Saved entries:
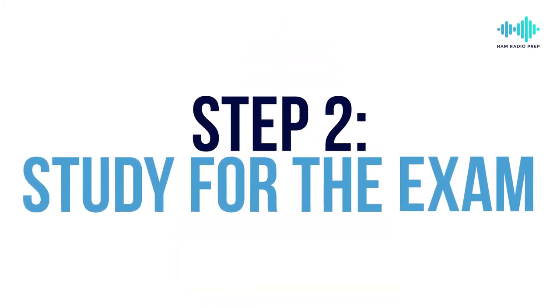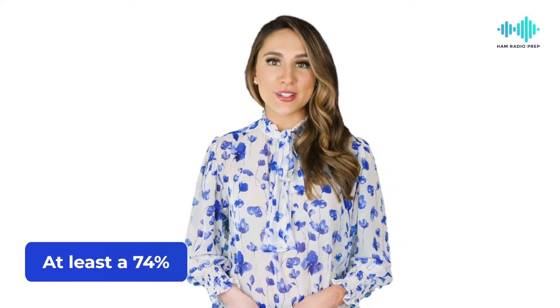Step two is to study for the exam. Once you've decided which license you want to get, you should start preparing. To pass each test, you must get at least a 74%. There are free and paid study materials. We estimate that the technician license will cost around $40 when you invest a little into materials such as books, mobile apps, and online classes.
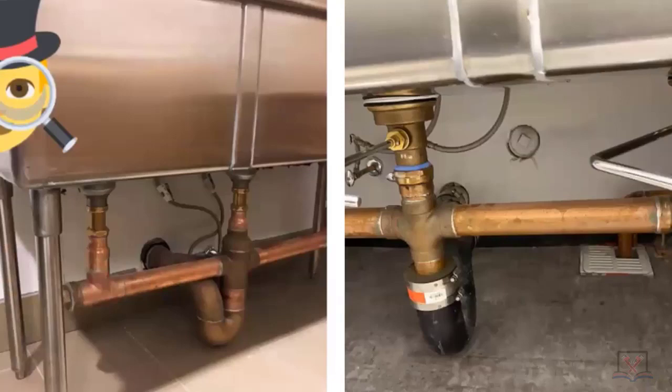Each one of those compartments is worth four fixture units as part of this drainage system. Nothing can be PVC — everything has to be cast iron or copper tubing DWV. These are two plumbers who chose two different ways to do it, because we're in two different applications at two different restaurants.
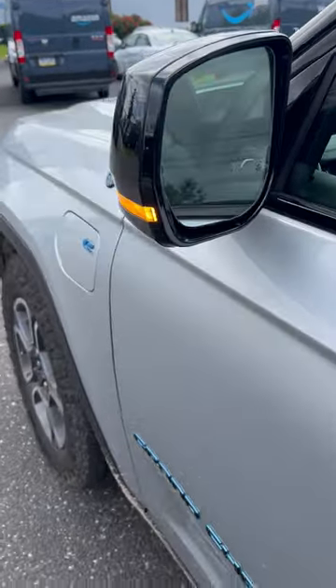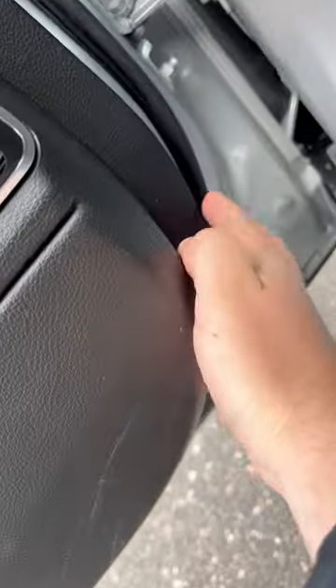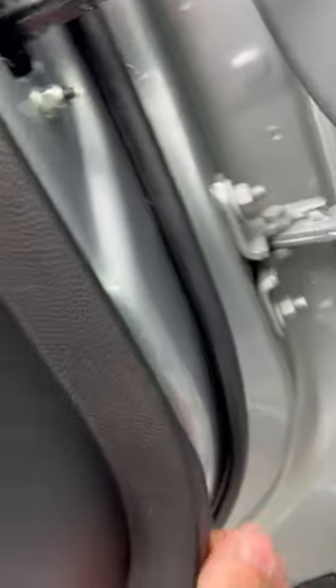So they replaced that, but the door card was loose — still is pretty loose. It's not supposed to be like that.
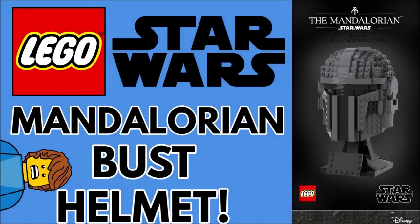Hello guys, it's Brooke Laquette and today I have an awesome LEGO Mandalorian custom helmet bust. Stay tuned to find out more.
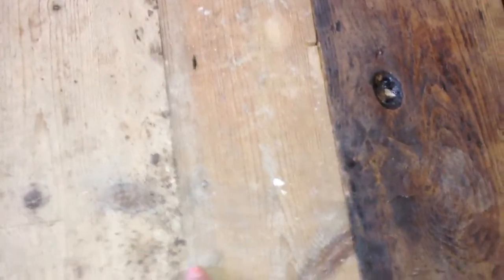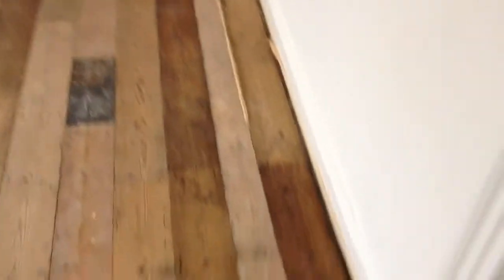This was the gap here. Once you lift all the flooring and push it over to one side, it creates a gap. So a board was cut down and put in there.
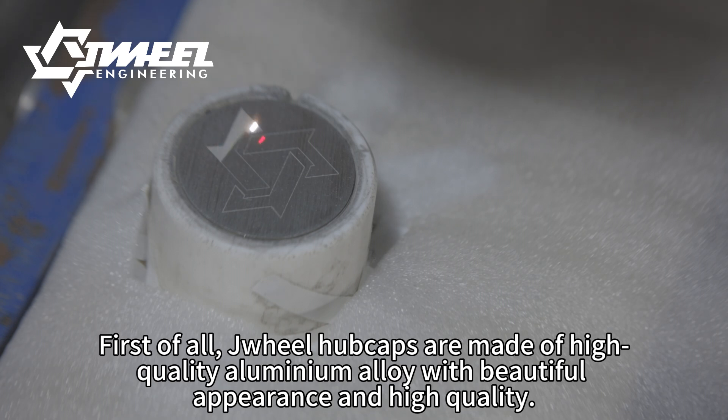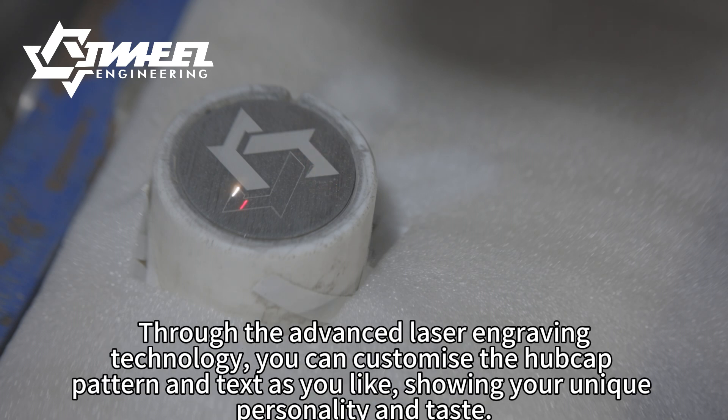First of all, drill hubcaps are made of high-quality aluminum alloy with beautiful appearance and high quality. Through advanced laser engraving technology, you can customize the hubcap pattern and text as you like, showing your unique personality and taste.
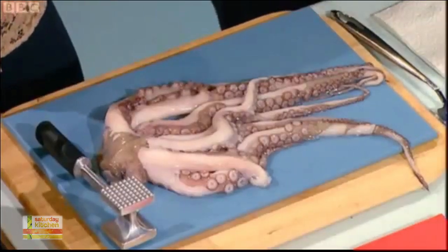Dig the hair, dig the suntan. What are we making? Octopus. Octopus — it's a beautiful, beautiful beast but people don't know how to prepare it. Doesn't look it though, does it really?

◆ ASSIGNED TASK:
For this exercise, repeat word for word only the lines from the one containing "Each one of" through the end of the data, including both. Pictures do not go in the copy.

◆ TASK ANSWER:
Each one of those compartments is worth four fixture units as part of this drainage system. Nothing can be PVC — everything has to be cast iron or copper tubing DWV. These are two plumbers who chose two different ways to do it, because we're in two different applications at two different restaurants.
So they replaced that, but the door card was loose — still is pretty loose. It's not supposed to be like that.
Hello guys, it's Brooke Laquette and today I have an awesome LEGO Mandalorian custom helmet bust. Stay tuned to find out more.
This was the gap here. Once you lift all the flooring and push it over to one side, it creates a gap. So a board was cut down and put in there.
First of all, drill hubcaps are made of high-quality aluminum alloy with beautiful appearance and high quality. Through advanced laser engraving technology, you can customize the hubcap pattern and text as you like, showing your unique personality and taste.
Dig the hair, dig the suntan. What are we making? Octopus. Octopus — it's a beautiful, beautiful beast but people don't know how to prepare it. Doesn't look it though, does it really?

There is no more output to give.